# Momentum
## Generate data
To illustrate the use of momentum in optimization algorithms, let us
try to use it to solve for the ordinary least squares solution in
linear regression. I will first generate a small test set of data:
```{r}
set.seed(42)
n <- 1000
p <- 10
X <- matrix(rnorm(n*p),ncol=p)
beta <- 1 / 1:p
y <- X %*% beta + rnorm(n, sd=0.5)
```
The true solution, which in this case we can calculate analytically,
is given by directly solving the normal equations. We can get these
in R by the following:
```{r}
betaOls <- coef(lm(y ~ X - 1))
```
## Standard gradient descent
Standard gradient descent calculates the entire gradient function and
moves some amount in the opposite direction of the gradient. Here we run this
algorithm for 20 iterations and plot the error on the log scale:
```{r}
eta <- 0.01
b <- rep(0, p)
E <- 100
err <- rep(NA, E)
for (k in 1:E) {
gradFull <- (2/n) * ((t(X) %*% X) %*% b - t(X) %*% y)
v <- -1 * eta * gradFull
b <- b + v
err[k] <- max(abs(b - betaOls))
}
plot(err, log="y", type="l", xlab="iteration")
grid()
```
Notice that the log error rate is decreasing almost exactly as a linear
function of the iteration. We see that the error is still relatively high
after 100 iterations.
## Newton's method
Newton's method uses a quadratic approximation to the function to estimate
not just which direction to move in but how far to move in that direction.
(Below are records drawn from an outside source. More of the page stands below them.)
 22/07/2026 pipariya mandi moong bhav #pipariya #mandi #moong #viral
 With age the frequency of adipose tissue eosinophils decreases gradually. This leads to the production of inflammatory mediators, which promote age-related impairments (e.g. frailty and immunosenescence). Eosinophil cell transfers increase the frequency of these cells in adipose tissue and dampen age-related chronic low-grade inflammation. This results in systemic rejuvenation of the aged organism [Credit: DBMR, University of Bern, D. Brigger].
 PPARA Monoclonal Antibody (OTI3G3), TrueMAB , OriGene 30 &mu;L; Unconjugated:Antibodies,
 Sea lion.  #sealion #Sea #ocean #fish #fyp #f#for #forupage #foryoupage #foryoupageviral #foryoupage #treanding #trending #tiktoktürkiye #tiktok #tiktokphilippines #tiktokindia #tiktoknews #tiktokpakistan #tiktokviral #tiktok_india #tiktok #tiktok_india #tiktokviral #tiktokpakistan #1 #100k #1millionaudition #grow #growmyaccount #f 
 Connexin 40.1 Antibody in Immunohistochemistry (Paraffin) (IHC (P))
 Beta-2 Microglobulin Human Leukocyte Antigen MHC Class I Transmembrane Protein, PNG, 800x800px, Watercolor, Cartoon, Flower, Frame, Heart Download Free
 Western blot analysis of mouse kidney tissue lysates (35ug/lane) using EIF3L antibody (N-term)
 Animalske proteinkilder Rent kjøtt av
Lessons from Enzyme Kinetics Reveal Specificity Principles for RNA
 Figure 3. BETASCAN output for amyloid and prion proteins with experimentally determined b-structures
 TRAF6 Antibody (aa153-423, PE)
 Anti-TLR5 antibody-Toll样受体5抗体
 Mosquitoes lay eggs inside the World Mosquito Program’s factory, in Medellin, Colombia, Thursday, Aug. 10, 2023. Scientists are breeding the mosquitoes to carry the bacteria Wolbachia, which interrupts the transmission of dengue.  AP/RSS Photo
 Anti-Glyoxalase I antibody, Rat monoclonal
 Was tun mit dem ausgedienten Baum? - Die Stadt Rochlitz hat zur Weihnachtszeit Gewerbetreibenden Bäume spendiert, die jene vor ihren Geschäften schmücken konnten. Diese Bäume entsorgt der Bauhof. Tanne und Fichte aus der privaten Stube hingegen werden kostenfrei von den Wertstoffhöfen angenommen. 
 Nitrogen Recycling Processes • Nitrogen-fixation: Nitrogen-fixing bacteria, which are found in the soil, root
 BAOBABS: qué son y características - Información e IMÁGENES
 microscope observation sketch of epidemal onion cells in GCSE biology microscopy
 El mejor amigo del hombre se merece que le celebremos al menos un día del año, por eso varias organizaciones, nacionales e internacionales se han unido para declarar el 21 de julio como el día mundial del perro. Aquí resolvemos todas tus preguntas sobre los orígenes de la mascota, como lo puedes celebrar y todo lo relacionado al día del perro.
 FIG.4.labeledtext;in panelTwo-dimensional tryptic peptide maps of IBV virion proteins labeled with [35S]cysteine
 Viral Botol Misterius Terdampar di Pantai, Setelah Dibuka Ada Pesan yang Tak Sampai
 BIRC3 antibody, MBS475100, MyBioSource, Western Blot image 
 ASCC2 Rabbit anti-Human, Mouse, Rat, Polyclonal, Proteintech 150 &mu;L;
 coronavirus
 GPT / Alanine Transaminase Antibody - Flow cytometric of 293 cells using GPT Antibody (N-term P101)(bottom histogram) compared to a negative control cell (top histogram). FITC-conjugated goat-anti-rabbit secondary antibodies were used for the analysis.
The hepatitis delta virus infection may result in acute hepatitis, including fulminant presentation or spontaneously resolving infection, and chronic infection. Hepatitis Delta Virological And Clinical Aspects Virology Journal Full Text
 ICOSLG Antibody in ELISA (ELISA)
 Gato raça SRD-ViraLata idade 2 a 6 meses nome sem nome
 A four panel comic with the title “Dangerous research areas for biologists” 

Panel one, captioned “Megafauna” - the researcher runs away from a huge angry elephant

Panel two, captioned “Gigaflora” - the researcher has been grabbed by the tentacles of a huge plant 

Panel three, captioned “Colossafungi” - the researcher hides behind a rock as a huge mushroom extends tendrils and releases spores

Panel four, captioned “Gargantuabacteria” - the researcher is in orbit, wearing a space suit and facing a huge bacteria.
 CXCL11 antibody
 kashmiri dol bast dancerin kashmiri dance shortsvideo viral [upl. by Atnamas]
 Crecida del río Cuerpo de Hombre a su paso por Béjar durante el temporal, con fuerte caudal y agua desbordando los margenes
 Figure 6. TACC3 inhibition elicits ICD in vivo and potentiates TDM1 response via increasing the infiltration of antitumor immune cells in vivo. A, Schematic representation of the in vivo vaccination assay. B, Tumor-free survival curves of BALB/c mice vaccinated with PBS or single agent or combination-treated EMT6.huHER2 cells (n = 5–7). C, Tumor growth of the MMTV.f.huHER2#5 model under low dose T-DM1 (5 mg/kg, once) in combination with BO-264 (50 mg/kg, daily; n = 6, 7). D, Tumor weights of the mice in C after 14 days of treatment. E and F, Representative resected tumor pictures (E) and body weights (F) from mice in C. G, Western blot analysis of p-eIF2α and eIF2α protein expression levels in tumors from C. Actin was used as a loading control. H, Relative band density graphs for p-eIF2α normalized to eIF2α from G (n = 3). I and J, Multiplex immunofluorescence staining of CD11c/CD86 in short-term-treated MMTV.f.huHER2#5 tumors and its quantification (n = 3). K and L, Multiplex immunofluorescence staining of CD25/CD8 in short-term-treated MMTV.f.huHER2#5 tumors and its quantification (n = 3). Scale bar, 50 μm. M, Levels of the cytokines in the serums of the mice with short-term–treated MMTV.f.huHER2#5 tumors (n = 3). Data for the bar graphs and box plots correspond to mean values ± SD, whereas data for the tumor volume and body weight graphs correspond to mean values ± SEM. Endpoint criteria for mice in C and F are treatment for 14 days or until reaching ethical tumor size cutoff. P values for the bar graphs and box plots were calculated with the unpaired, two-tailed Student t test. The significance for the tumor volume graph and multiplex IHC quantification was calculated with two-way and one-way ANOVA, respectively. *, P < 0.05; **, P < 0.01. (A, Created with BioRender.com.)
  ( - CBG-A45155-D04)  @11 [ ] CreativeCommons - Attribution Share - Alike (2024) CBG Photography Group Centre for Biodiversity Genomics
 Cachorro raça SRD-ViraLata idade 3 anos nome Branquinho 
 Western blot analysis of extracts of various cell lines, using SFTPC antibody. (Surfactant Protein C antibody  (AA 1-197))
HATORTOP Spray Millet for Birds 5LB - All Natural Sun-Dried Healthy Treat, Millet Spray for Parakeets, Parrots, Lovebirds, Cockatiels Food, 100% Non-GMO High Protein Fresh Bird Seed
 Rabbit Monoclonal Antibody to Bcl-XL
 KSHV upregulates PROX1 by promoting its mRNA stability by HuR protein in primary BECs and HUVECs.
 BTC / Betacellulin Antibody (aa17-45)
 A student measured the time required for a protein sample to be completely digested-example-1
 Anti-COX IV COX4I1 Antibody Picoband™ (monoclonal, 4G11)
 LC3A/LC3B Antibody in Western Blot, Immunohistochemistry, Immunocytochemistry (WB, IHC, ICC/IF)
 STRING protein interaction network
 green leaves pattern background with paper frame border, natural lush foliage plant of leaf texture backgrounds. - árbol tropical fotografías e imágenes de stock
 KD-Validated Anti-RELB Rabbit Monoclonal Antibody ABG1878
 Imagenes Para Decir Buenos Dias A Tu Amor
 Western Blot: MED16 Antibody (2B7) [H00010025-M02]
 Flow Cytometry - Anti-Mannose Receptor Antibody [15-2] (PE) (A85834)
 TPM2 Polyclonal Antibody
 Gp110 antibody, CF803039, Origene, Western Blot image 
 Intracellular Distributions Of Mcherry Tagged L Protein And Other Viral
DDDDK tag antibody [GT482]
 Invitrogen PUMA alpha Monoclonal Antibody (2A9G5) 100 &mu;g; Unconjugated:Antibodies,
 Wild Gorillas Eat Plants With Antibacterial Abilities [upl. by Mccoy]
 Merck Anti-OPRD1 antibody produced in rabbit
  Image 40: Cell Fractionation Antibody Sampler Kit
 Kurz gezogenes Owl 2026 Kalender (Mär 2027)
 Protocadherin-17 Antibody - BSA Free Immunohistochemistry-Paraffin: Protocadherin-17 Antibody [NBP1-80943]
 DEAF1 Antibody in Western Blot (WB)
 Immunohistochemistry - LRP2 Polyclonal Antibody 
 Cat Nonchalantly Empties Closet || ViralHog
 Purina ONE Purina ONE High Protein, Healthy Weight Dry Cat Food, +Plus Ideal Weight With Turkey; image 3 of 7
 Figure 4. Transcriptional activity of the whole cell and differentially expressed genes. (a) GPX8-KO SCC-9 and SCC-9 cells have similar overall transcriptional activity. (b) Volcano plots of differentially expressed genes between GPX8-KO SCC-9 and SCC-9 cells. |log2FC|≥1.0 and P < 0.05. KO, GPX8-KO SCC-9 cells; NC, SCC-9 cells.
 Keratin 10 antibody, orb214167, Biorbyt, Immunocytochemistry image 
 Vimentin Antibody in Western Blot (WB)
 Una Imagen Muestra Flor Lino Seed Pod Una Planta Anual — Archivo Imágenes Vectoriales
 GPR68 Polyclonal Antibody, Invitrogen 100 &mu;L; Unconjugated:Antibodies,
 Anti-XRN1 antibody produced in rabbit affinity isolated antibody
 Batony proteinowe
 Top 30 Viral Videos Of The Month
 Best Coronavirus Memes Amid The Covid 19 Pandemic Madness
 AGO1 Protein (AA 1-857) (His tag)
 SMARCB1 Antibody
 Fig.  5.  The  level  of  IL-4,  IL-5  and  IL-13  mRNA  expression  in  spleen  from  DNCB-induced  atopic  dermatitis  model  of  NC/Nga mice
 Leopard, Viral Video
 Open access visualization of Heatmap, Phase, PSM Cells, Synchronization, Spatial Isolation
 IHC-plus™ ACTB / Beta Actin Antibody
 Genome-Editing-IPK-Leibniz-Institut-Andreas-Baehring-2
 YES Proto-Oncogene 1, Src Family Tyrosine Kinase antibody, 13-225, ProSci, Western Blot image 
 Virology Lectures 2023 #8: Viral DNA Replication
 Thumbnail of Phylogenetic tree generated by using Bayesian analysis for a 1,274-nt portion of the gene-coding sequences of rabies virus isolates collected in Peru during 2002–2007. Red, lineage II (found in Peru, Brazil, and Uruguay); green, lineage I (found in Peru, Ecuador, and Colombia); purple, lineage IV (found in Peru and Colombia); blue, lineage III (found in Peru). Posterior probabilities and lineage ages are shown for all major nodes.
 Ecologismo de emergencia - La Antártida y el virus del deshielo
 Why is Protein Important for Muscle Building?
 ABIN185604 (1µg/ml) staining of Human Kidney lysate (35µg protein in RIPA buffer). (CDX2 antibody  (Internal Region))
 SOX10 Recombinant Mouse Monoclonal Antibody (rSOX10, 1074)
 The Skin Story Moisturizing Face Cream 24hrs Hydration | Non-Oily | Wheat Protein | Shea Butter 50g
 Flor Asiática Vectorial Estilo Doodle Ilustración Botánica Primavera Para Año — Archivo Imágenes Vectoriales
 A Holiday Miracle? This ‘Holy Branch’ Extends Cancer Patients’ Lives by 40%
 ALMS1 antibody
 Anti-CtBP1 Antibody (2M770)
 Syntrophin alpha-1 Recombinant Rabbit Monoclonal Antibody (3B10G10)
It is often augmented with a learning rate, though this is much different
than the rate in the gradient descent algorithm because in theory it should
converge under some weak assumptions even when the learning rate is 1.
```{r}
eta <- 0.01
v <- 0
gamma <- 0.5
b <- rep(0, p)
E <- 100
err <- rep(NA, E)
for (k in 1:E) {
gradFull <- (2/n) * ((t(X) %*% X) %*% b - t(X) %*% y)
hessFull <- -(2/n) * t(X) %*% X
v <- gamma * solve(hessFull) %*% gradFull
b <- b + v
err[k] <- max(abs(b - betaOls))
}
plot(err, log="y", type="l", xlab="iteration")
grid()
```
Because the linear regression problem is itself a quadratic form, using a
learning rate of 1 would solve the problem exactly. We see that even setting
it to 0.5 converges to double precision within 50 steps.
## Basic momentum
What if we approximate the hessian information by using basic momentum, with
a mu of 0.8?
```{r}
eta <- 0.01
v <- 0
mu <- 0.8
b <- rep(0, p)
E <- 100
err <- rep(NA, E)
for (k in 1:E) {
gradFull <- (2/n) * ((t(X) %*% X) %*% b - t(X) %*% y)
v <- v * mu - eta * gradFull
b <- b + v
err[k] <- max(abs(b - betaOls))
}
plot(err, log="y", type="l", xlab="iteration")
grid()
```
Though slightly noisier at some points along the curve, this gives a drastically
better convergence rate!
## Nesterov's accelerated gradient (i.e., momentum)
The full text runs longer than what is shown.